__Action item__: Within the lines below, the span from the line with "Ежедневник недатированный А5" to the line with "Dreams of the Sleeping Gods", both ends included, is to be reproduced exactly, with pictures omitted.

__Data section__:

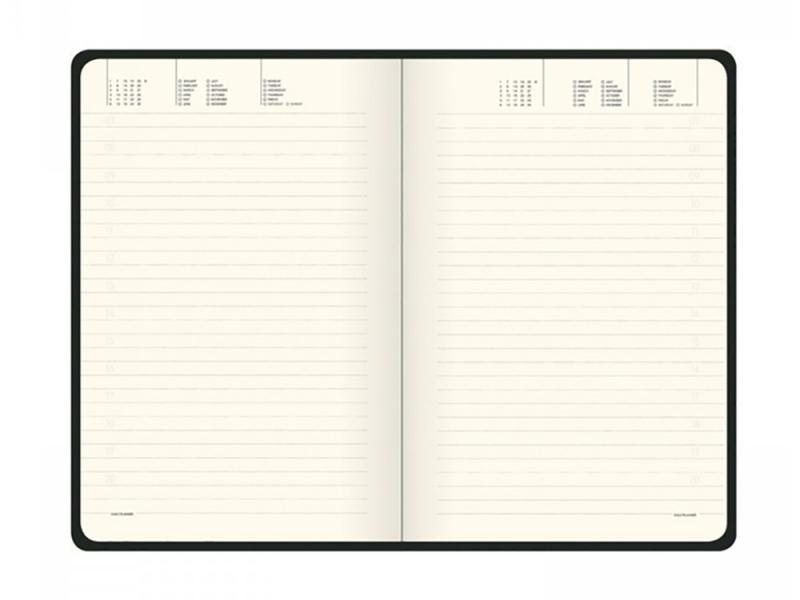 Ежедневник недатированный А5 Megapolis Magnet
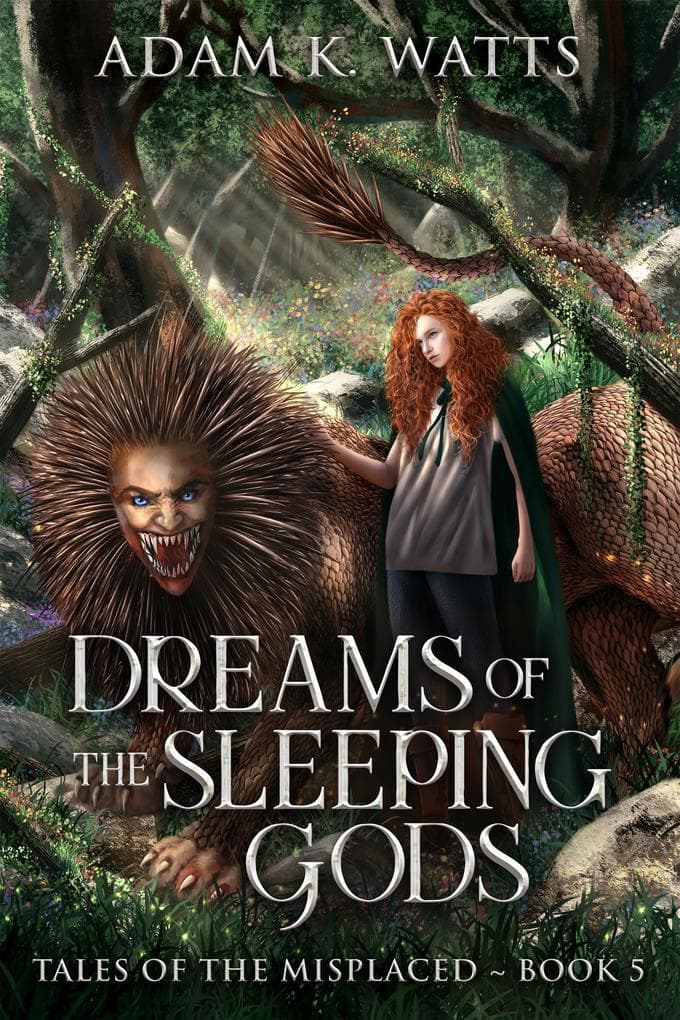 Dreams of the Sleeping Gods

---

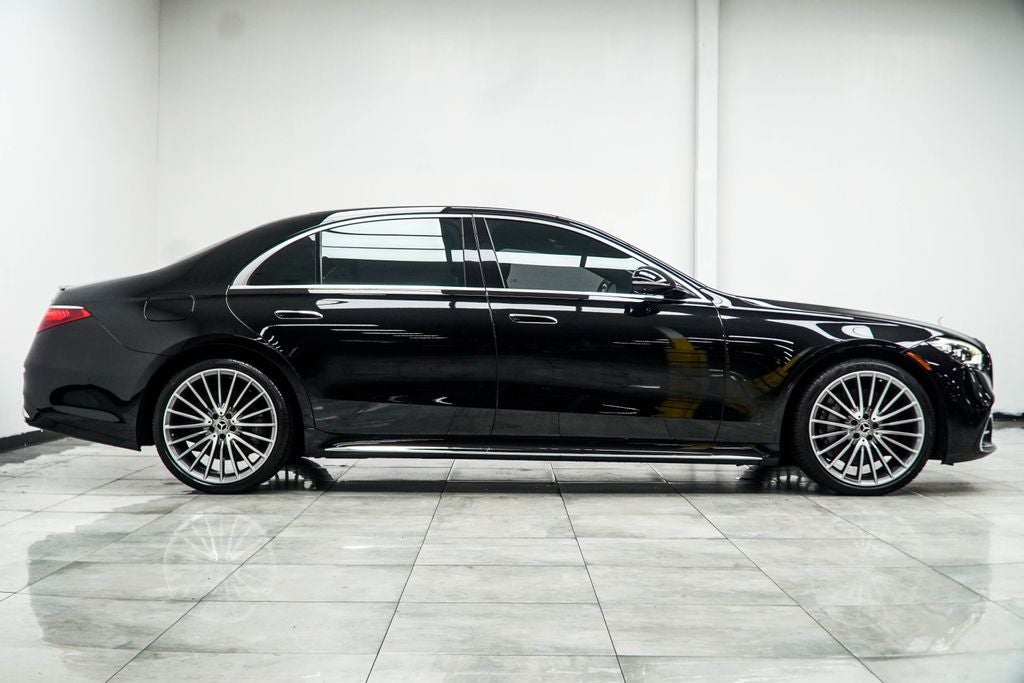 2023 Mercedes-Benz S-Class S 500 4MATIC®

---

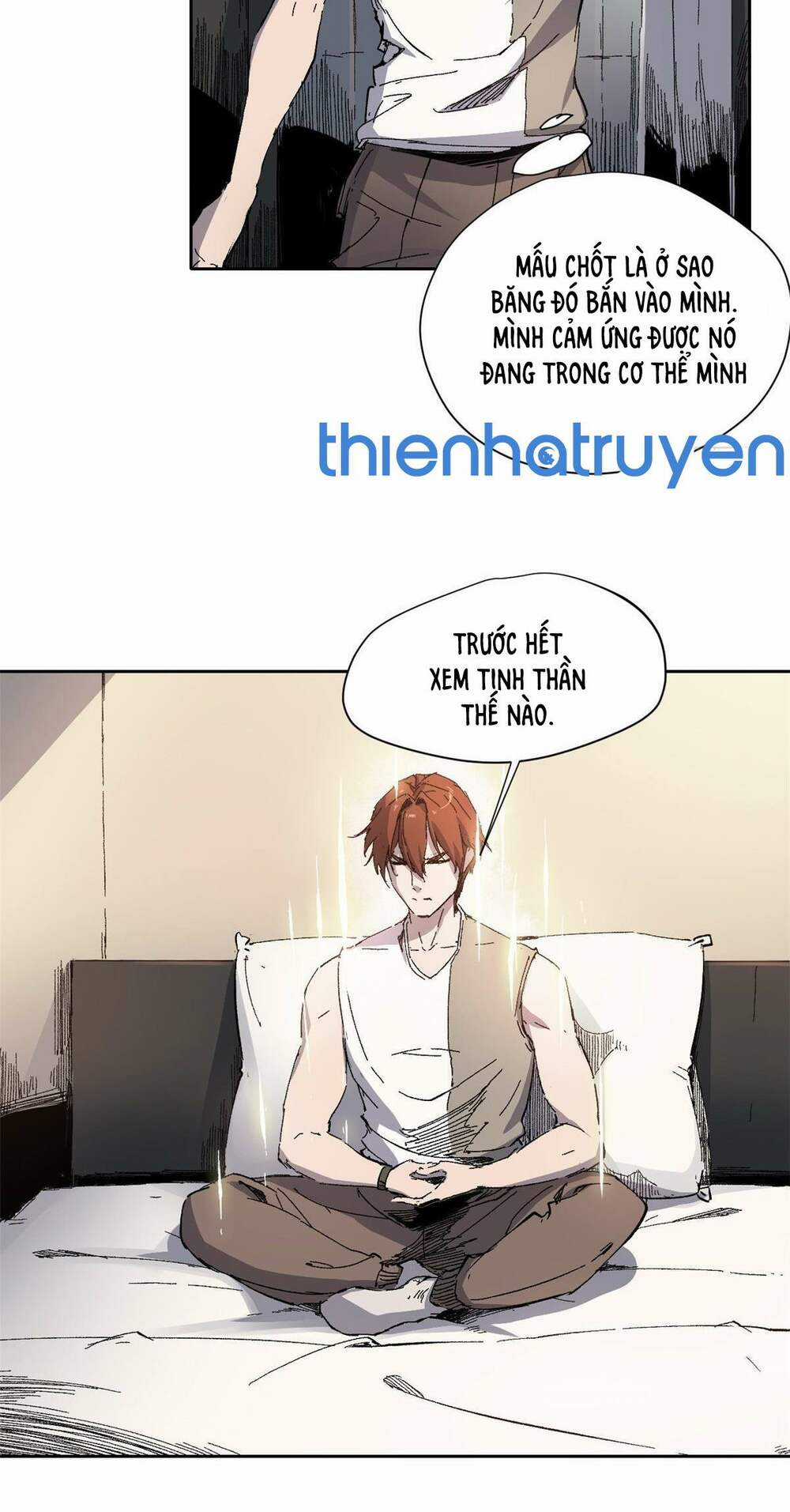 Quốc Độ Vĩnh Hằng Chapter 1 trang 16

__Answer section__:
 Ежедневник недатированный А5 Megapolis Magnet
 Dreams of the Sleeping Gods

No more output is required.